My roommate and I tossed a coin to decide who would get the room with the biggest window. I won. Then I stole/”borrowed” her yoga mat and so I could practice yoga in front of that window everyday. But I promise, I really do love her.
I started practicing yoga during the summer because I was bored in Abilene and wanted to go to gym classes as much as possible. But now I do it because it really changed my life. Not to sound like an infomercial, but yoga helped me physically, emotionally and spiritually.
Many of my friends make fun of me because of the yoga stereotypes like the funny words, meditative “ohms” and flowery, spiritual language. But that’s not what yoga means to me. I don’t get on the mat looking for a new-age answer to life problems. Yoga does help with a lot of simple problems, but it’s not as awkward and weird as it sounds.
Yoga tones your muscles, regulates your digestion, and helps you have better posture.
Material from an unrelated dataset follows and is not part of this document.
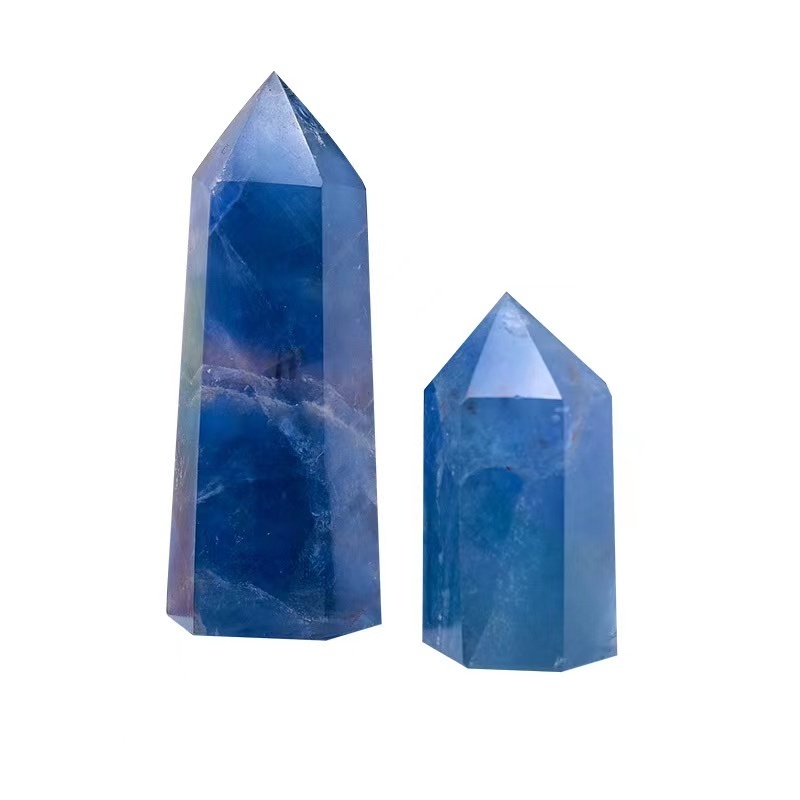 Wholesale spiritual crystal point wand natural aqua blue aura clear quartz crystal tower for home decoration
Many of the moves put your head upside down so more blood flows to the brain, which is helpful when you have a lot of mental work to do. #finals. Repeating putting your head upside down and right-side up helps with balance and the inner ear. Before doing yoga, I would get really dizzy on roller coasters. But after doing yoga all summer, my inner ear was used to being inverted. I went on a roller coaster at Six Flags in Vallejo, California and walked off without stumbling.
Before doing yoga, I would get stressed out from homework, jobs and social club events. Sometimes I would get so anxious I couldn’t sit still and my heart raced. But yoga taught me to breathe deeply and slowly. It feels like I can hold more air in my lungs now. I can calm myself down with just a few breaths -in through the nose, out through the mouth. I do this breathing technique all throughout the day and it puts me at peace.
It also made it easier to fall asleep at night. Before yoga, I would go to bed and run through my day and my goals and my plans in my mind. But now I breathe deeply and go straight to sleep.
Yoga also helped me spiritually. I know it’s cliche, but it’s true. Before yoga, I hated sitting in silence and being still. Pastors and teachers say we need to be still as part of our worship, but I hated sitting still. I would blast worship music or read long Bible passages to fill up the silence. But when you do yoga, you focus on breathing and hold poses in silence for longer than you think you can. When you’re holding a pose, you have to push past the need to move on to the next pose. Doing this every day familiarized my brain with stillness. Now I can read a verse and meditate on it in silence for 15-20 minutes without getting distracted or feeling like I need to get up and do something.
So before you write off yoga as awkward or weird, think of these benefits and give it a chance. It can really change your life. Namaste.